**Work order:** In the listing below, find the line with "this 600×450 image." and the line with "this 450×320 image.", then return them and every line between them exactly, minus the pictures.

**Data listing:**
*** Block opens ***

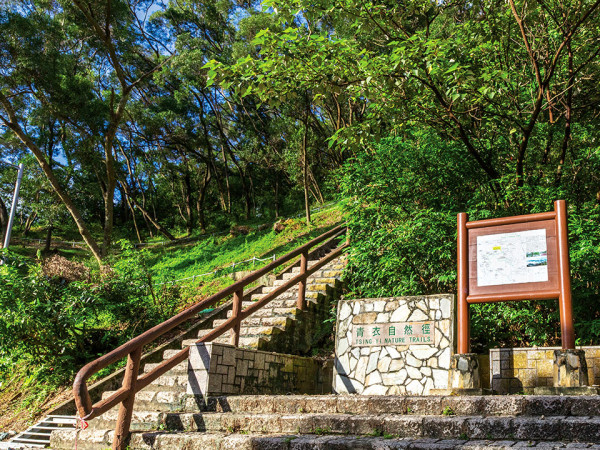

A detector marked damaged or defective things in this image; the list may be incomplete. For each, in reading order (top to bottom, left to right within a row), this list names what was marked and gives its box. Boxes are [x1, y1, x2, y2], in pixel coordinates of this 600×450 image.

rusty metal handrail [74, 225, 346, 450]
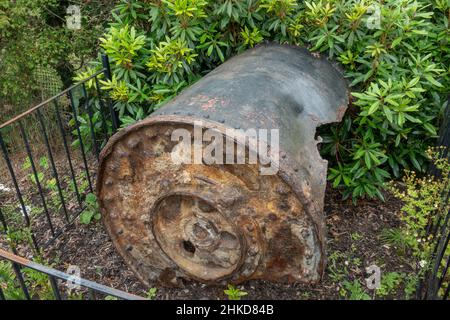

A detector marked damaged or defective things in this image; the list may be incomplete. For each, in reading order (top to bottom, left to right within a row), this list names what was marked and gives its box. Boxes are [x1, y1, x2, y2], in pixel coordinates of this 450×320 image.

*** Block closes ***
*** Block opens ***

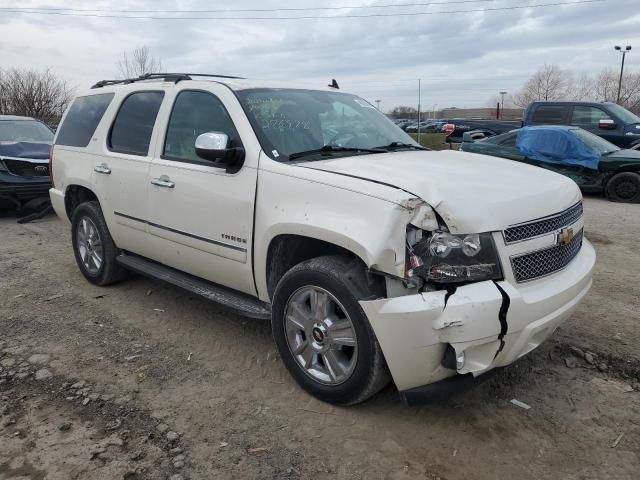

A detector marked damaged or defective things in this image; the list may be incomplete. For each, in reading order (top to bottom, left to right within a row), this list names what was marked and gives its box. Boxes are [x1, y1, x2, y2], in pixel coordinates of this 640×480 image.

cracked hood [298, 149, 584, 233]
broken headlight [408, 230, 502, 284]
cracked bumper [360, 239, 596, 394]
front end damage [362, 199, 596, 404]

*** Block closes ***

**Solution for this task:**
A detector marked damaged or defective things in this image; the list may be incomplete. For each, in reading order (top to bottom, left to right within a row), this list names what was marked and gives its box. Boxes are [x1, y1, x2, y2], in pixel coordinates of this 600×450 image.

rusty metal handrail [74, 225, 346, 450]

A detector marked damaged or defective things in this image; the list may be incomplete. For each, in reading order (top to bottom, left to right within a row), this list names what was marked and gives its box. Boxes are [x1, y1, x2, y2], in pixel coordinates of this 450×320 image.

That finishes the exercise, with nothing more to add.